Singer-songwriter Laoise told David Hennessy why her current single would not have come about had she not been receiving some therapy, how early trad sessions compelled her to be a singer and how she didn’t know what she had until live gigs came to an end.

Growing up in Galway, 22-year-old singer-songwriter Laoise played the fiddle from the age of 5 and performed in traditional Irish sessions at her local pub. During her teenage years, she started listening to the likes of Kate Bush and David Bowie.

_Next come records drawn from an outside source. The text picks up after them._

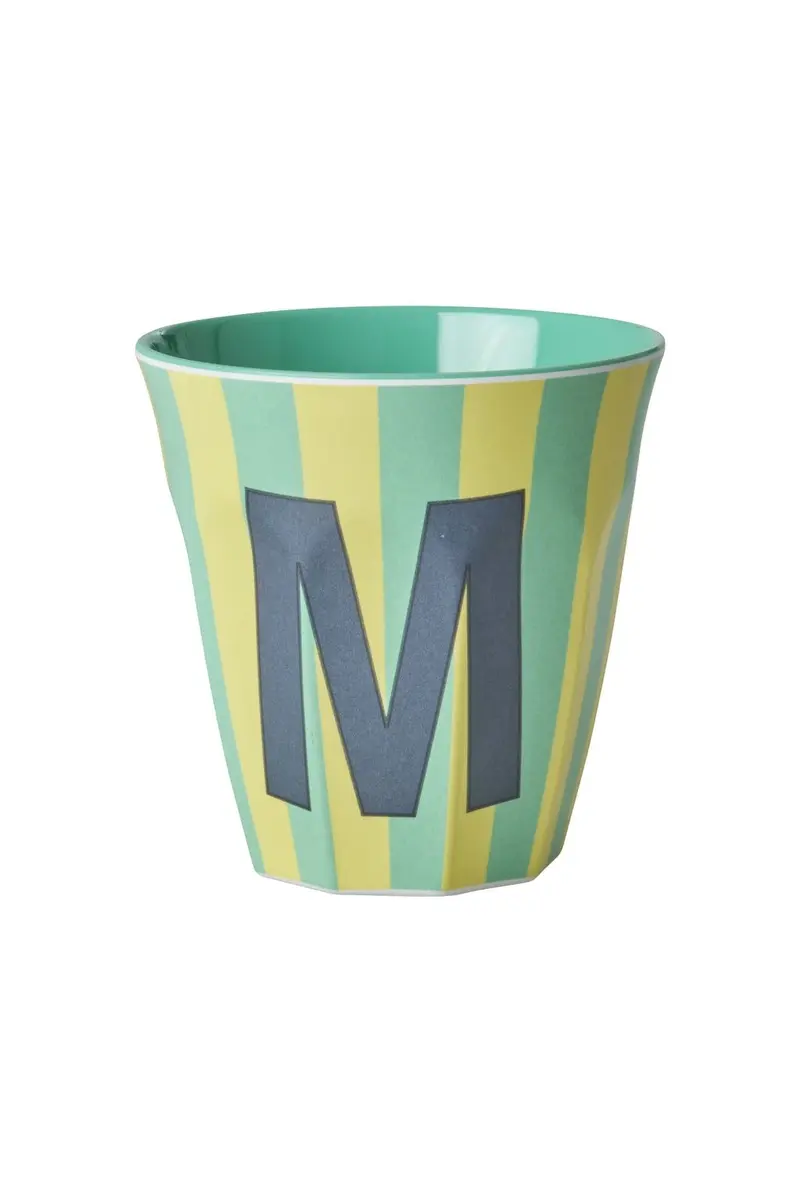 Melamine Cup - M - Green - Stripes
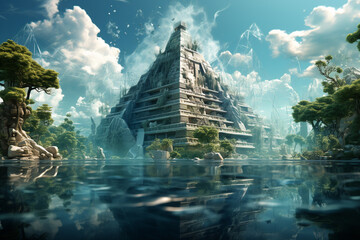 Aufkleber -  In this interpretation, the Great Pyramid of Chichen Itza is transformed into an abstract and geometric composition. 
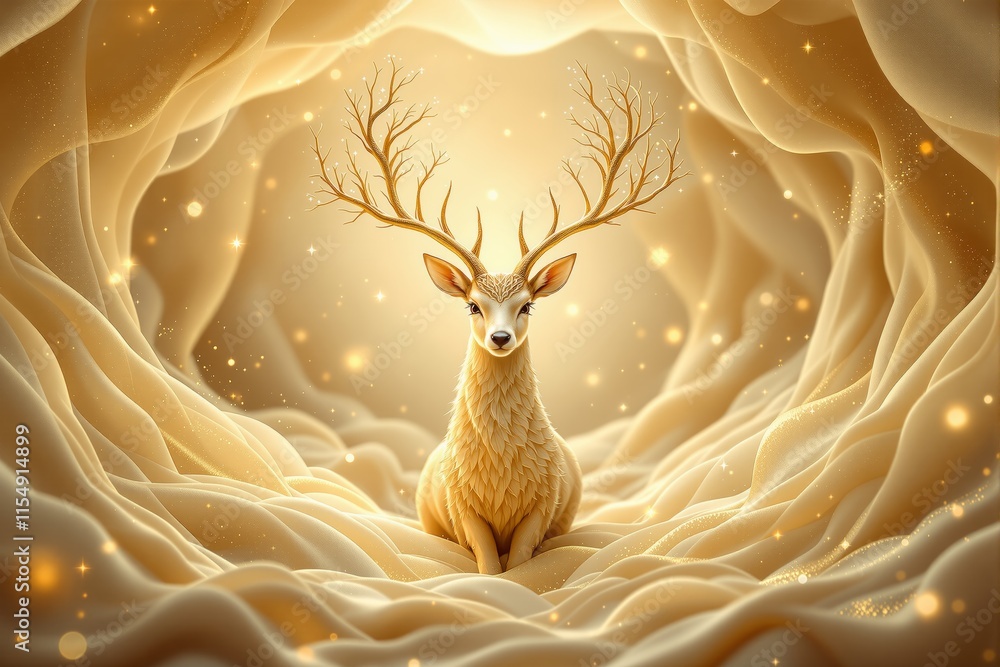 Poster Golden deer with intricate antlers surrounded by glowing abstract golden waves, creating a mystical ambiance.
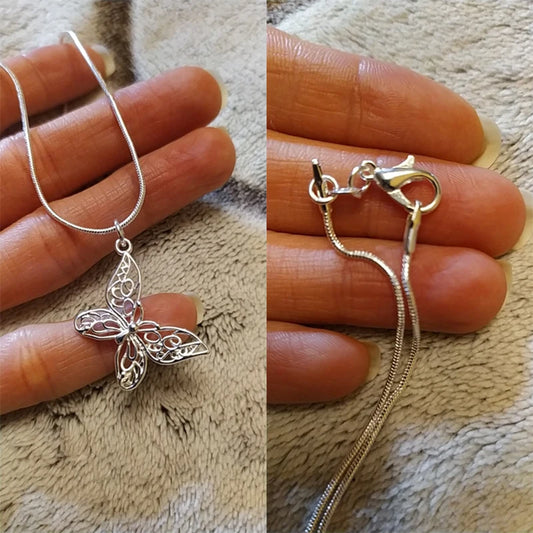DOTEFFIL – collier avec pendentif papillon en argent Sterling 925, chaîne serpent de 18/20/22/24/28/30 pouces pour femmes, bijoux de fiançailles et de mariage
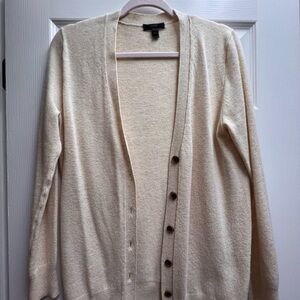 J. Crew Cream Button-Up Cardigan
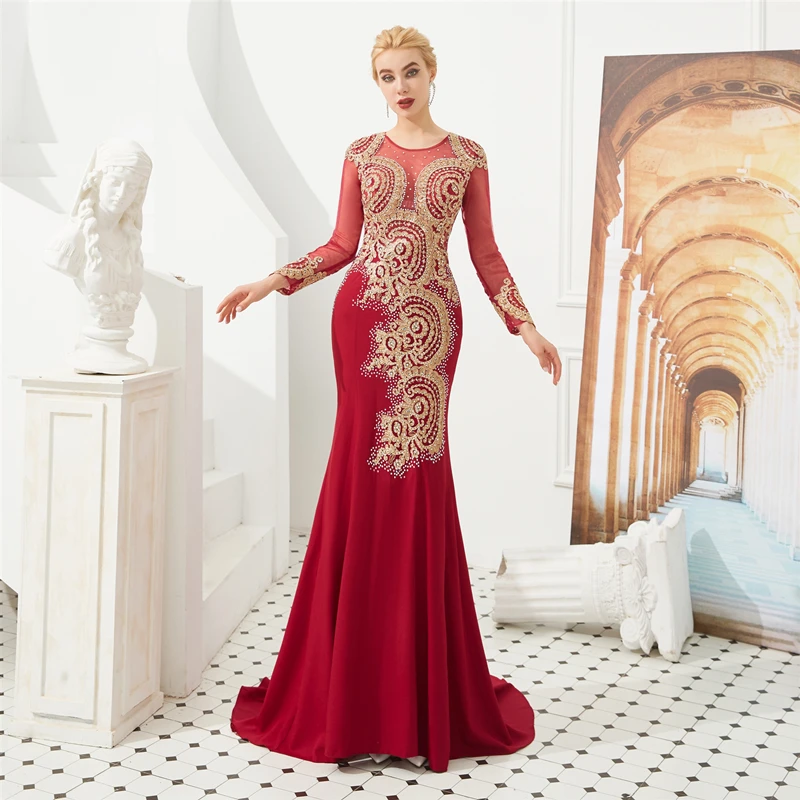 

Gorgeous Red Long Sleeve Mermaid Evening Dresses 2019 Crystal Lace Applique Formal Prom Dress Party Gowns Robes robes de soirйe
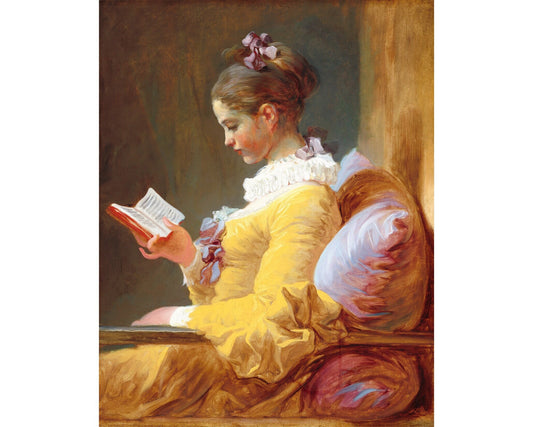 Woman reading a book | A Young Girl Reading | Feminist art print | Library art | Jean-Honore Fragonard | French artist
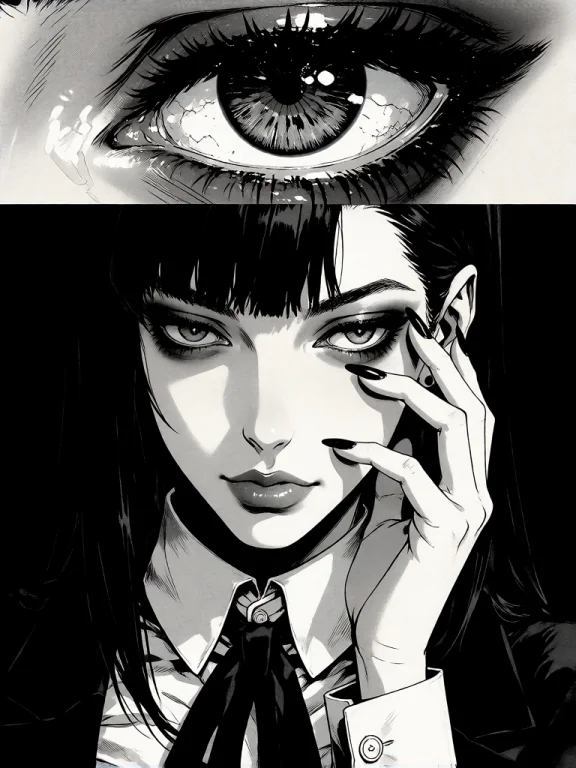 A Black-and-white, High-contrast, Digital Illustration In A...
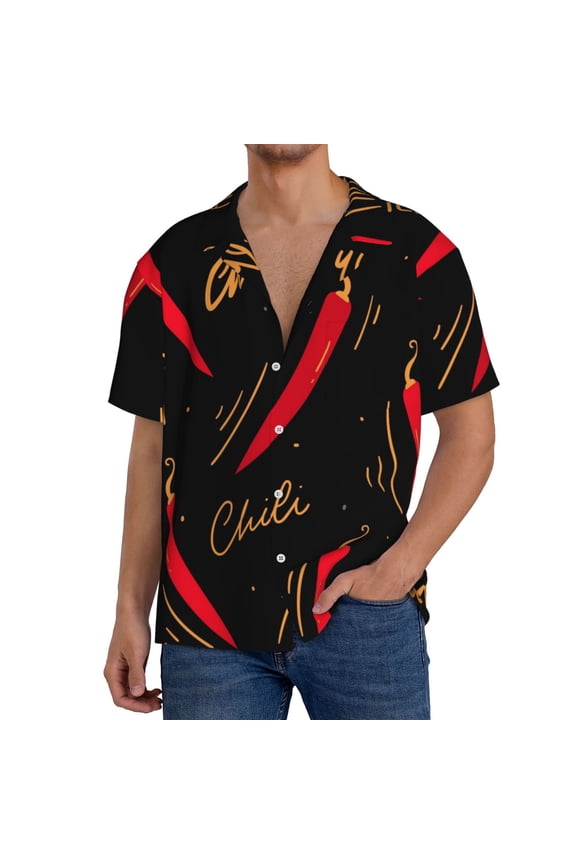 Hot Chili Pattern Men's Short Sleeve Classic Shirt, Casual Short-Sleeved Shirt, Lightweight Summer Shirt, Cuban Collar Shirt,Button-Front Shirt-Small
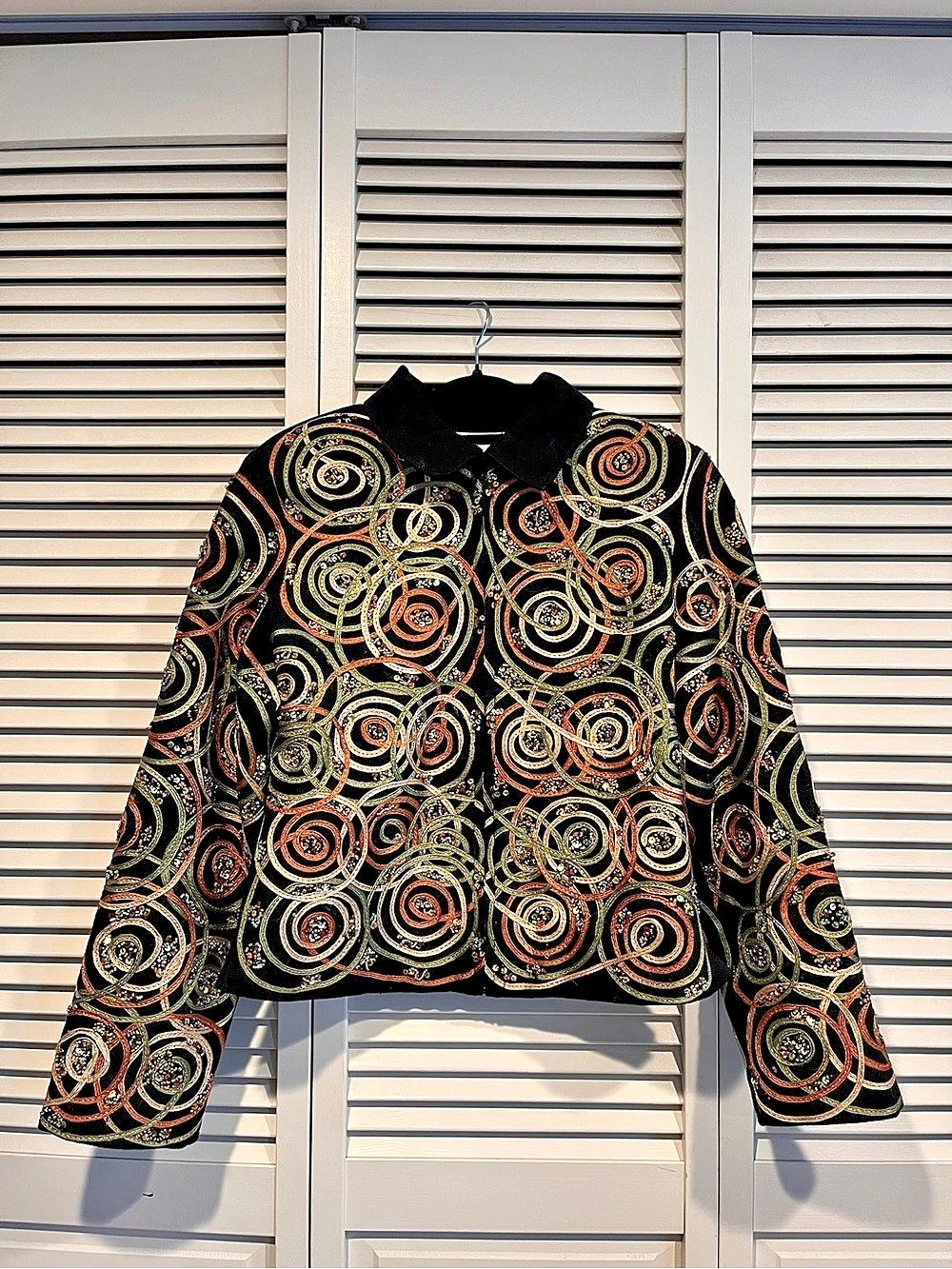 Anage Embellished Abstract Jacket in Black & Orange Size Small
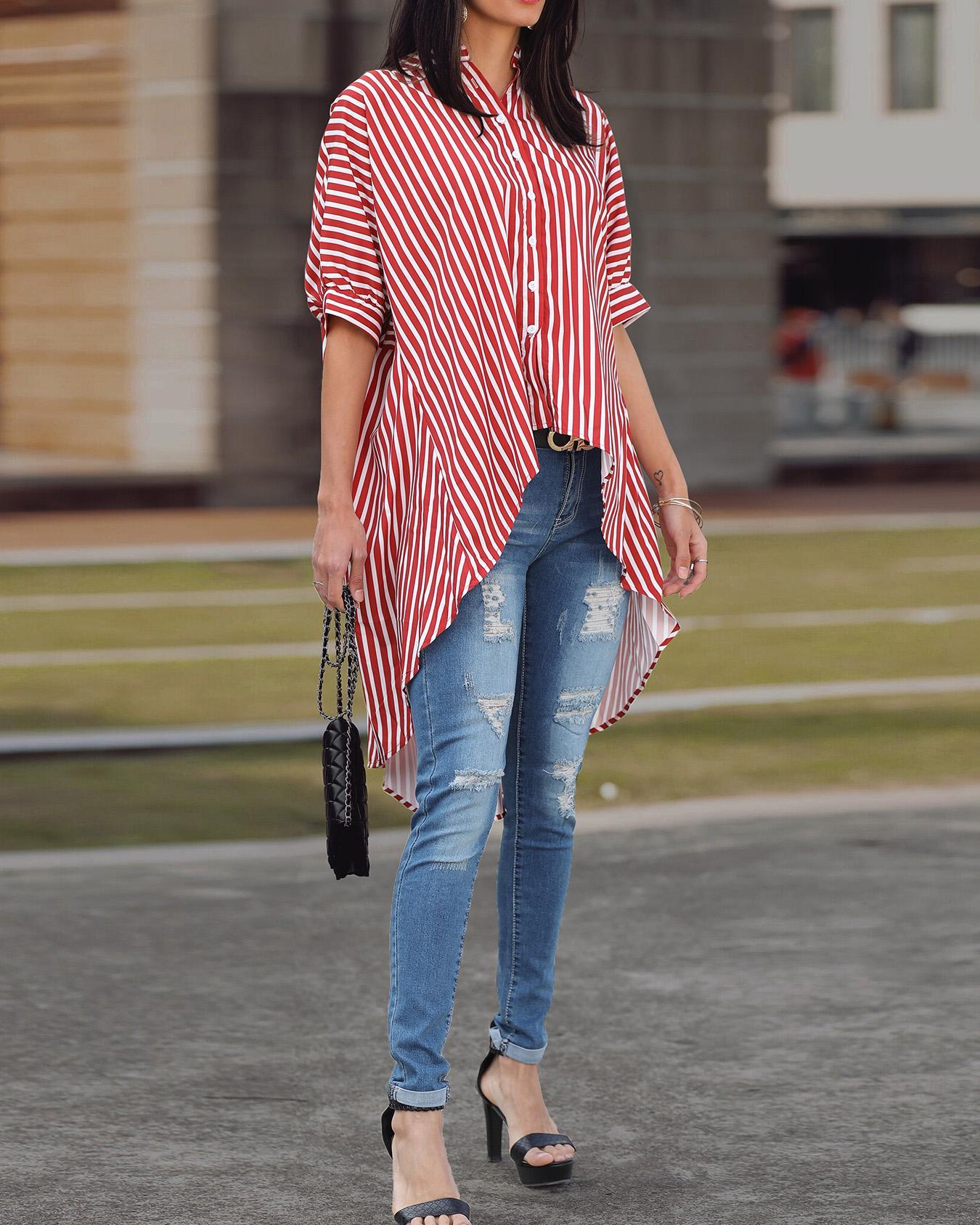 Outlet26 Striped Batwing Sleeve Dip Hem Blouse red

It is these contrasting influences that possibly make her sound so unique. It is best described as electro-pop with infectiously catchy choruses.

She counts Stevie Nicks and Taylor Swift as other inspirations.

The Galway songstress has long been considered one of Ireland’s rising musical talents since she started releasing music in 2016. Earlier this year she was asked to join the Irish Women in Harmony on their Dreams single in aid of Safe Ireland.

However, Laoise told us that her latest single Healthy is an expression of herself like none of her work has been before.


Struggling with the frustration and isolation of lockdown, Laoise started to receive therapy. It was through talking to someone and getting thoughts and feelings out instead of keeping them inside that she found the headspace to start thinking about healthier ways to approach her music and life in general.

Laoise told The Irish World: “I sort of realised I was just accidentally appeasing a lot of other people in terms of, ‘Maybe if I do this, I’ll get this kind of a thing’. Once I kind of adjusted a lot of that I started writing stuff that I just really, really loved. I’ve always loved everything I’ve ever written but this is the stuff I really felt was coming straight from me.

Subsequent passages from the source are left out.